Testing your website now could save you trouble down the road

Jan 23, 2012 10:41 GMT  ·  By

Firefox is about to go through a major milestone, a symbolic but important one nonetheless, its version number will get two digits with the release of Firefox 10 to the stable channel, i.e. the one that most people are using.

With this comes a surprising but noteworthy issue though, some user agent (UA) detection scripts may not have planned for this and may not be able to parse or will simply act unpredictably when detecting a two-digit version number for Firefox.
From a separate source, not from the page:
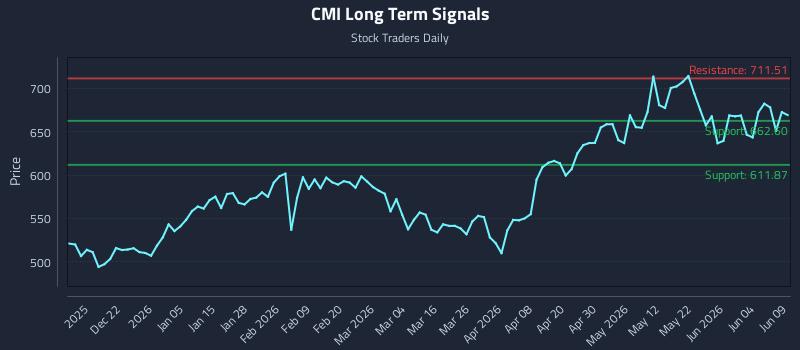 CMI Long Term Analysis for June 10 2026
"We all know it: UA-based browser detection is bad, the right way is feature-detection. Regardless, legacy code relies upon UA sniffing and may need to be updated for Firefox 10′s release," Mozilla's Jean-Yves Perrier wrote.

"Old scripts often made some undue assumptions. Some are assuming that browser version numbers will never reach 10… This is not the case: Opera and Chrome have already crossed this landmark long ago, Firefox will reach it next week and IE soon after," he explained.
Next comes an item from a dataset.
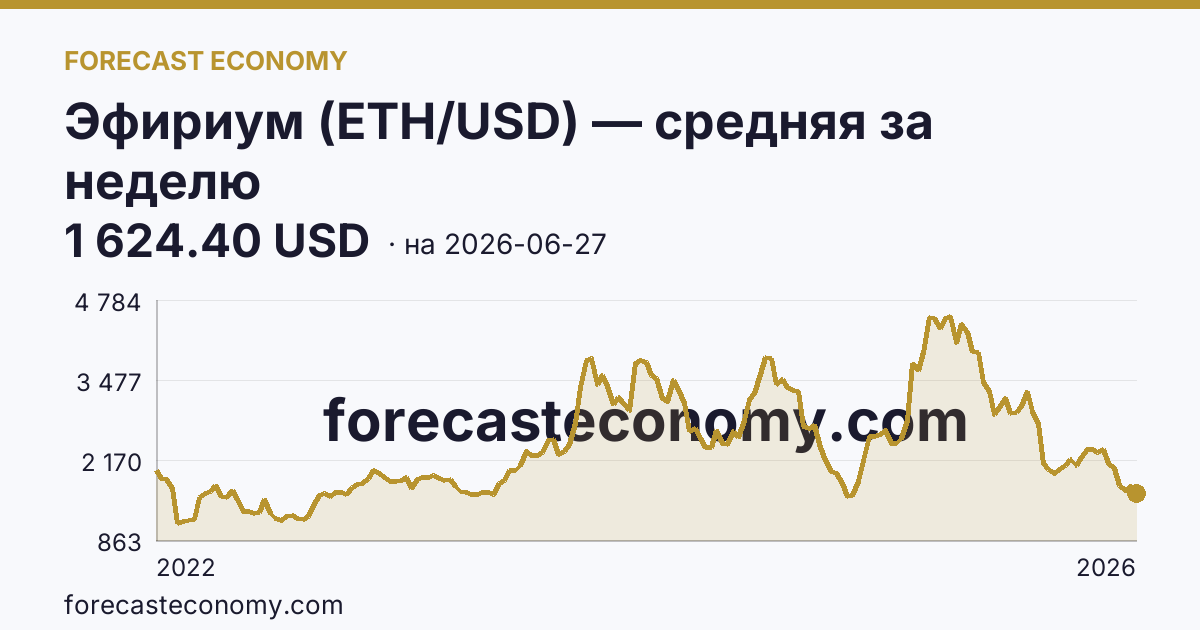 Эфириум (ETH/USD) — средняя за неделю — график динамики, последнее значение 1 624.40 USD, источник Binance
"So, it is the last moment to check your UA-based browser detection code before your site goes havoc!," he urged developers and webmasters.

Less than a year ago, a new Firefox was coming out every year or year and a half. It took seven years to get to Firefox 4, so many websites assumed that it would be years before Firefox 10 came out. That's no longer the case.

Mozilla has some simple advice for checking out whether your sites work properly with the new version which is a week away from launch. The simplest way of testing your sites is to get the Firefox 10 beta and see what works.

Of course, going through the website code is useful as well. Checking for UA browser detection code is a simple way of discovering old code that may not handle two-digits or may not even be needed anymore. The same goes for libraries used.